Task description — The whole listing is to be given again without alteration, except that its pictures are dropped.

Given material —

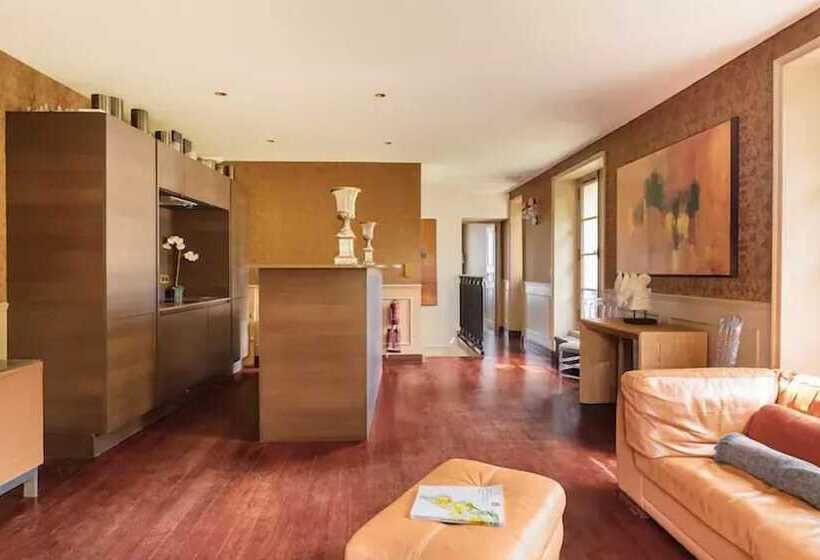 住宿加早餐 Le Chateau D Hardricourt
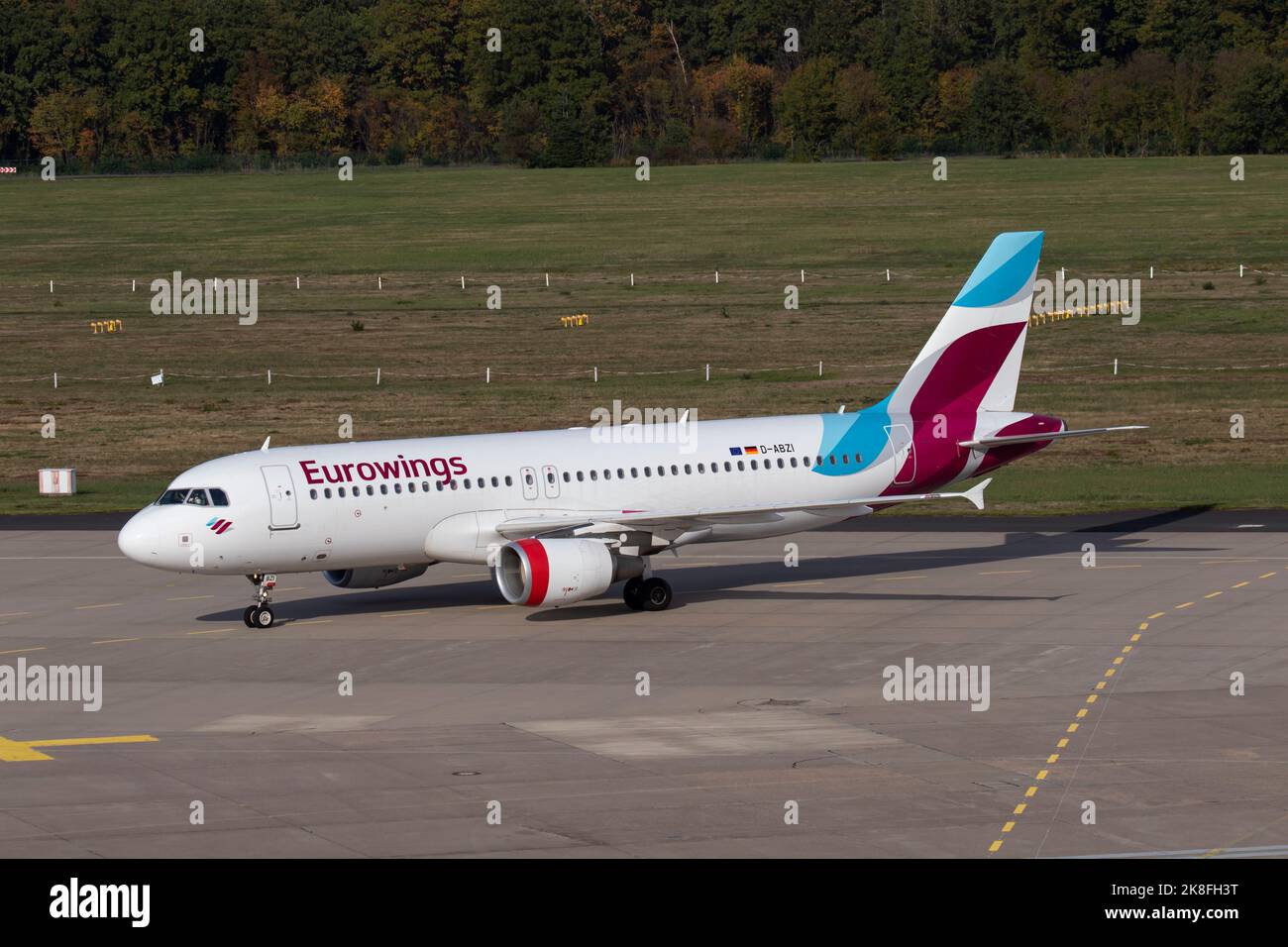 D-ABZI Airbus A320 Eurowings Cologne Bonn Airport 12/10/2022 EDDK CGN Banque D'Images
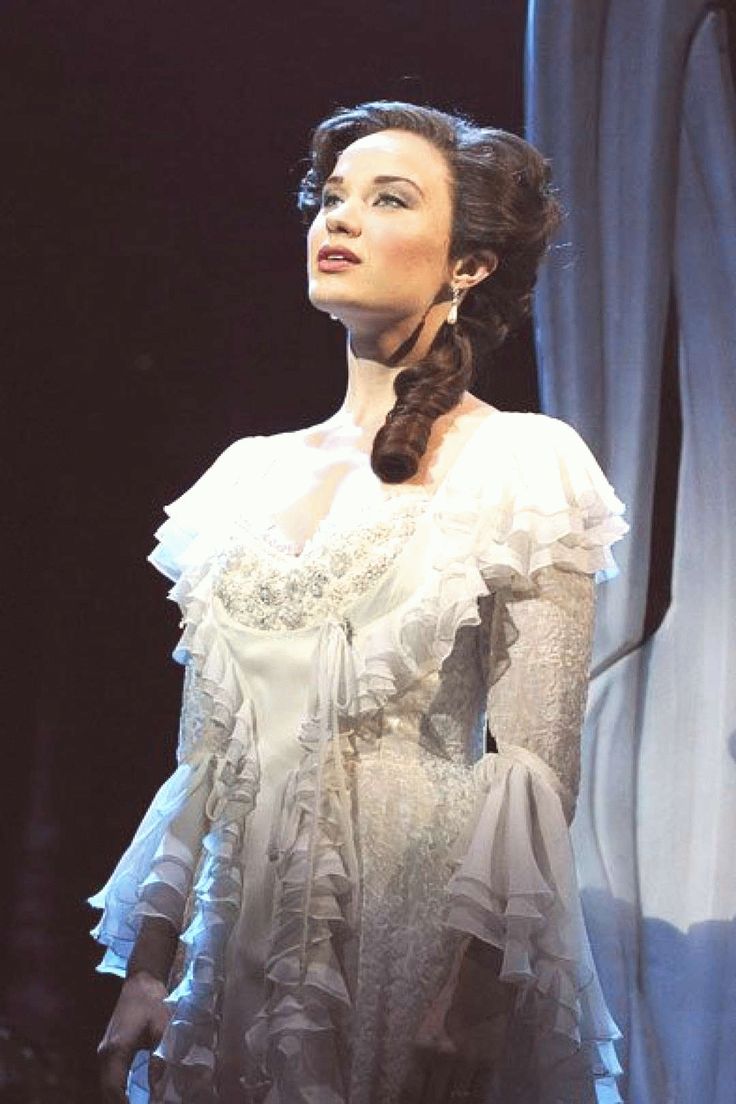  p>希尔拉·博格丝(sierra boggess),1982年5月20日出生于美国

Response below —
 住宿加早餐 Le Chateau D Hardricourt
 D-ABZI Airbus A320 Eurowings Cologne Bonn Airport 12/10/2022 EDDK CGN Banque D'Images
  p>希尔拉·博格丝(sierra boggess),1982年5月20日出生于美国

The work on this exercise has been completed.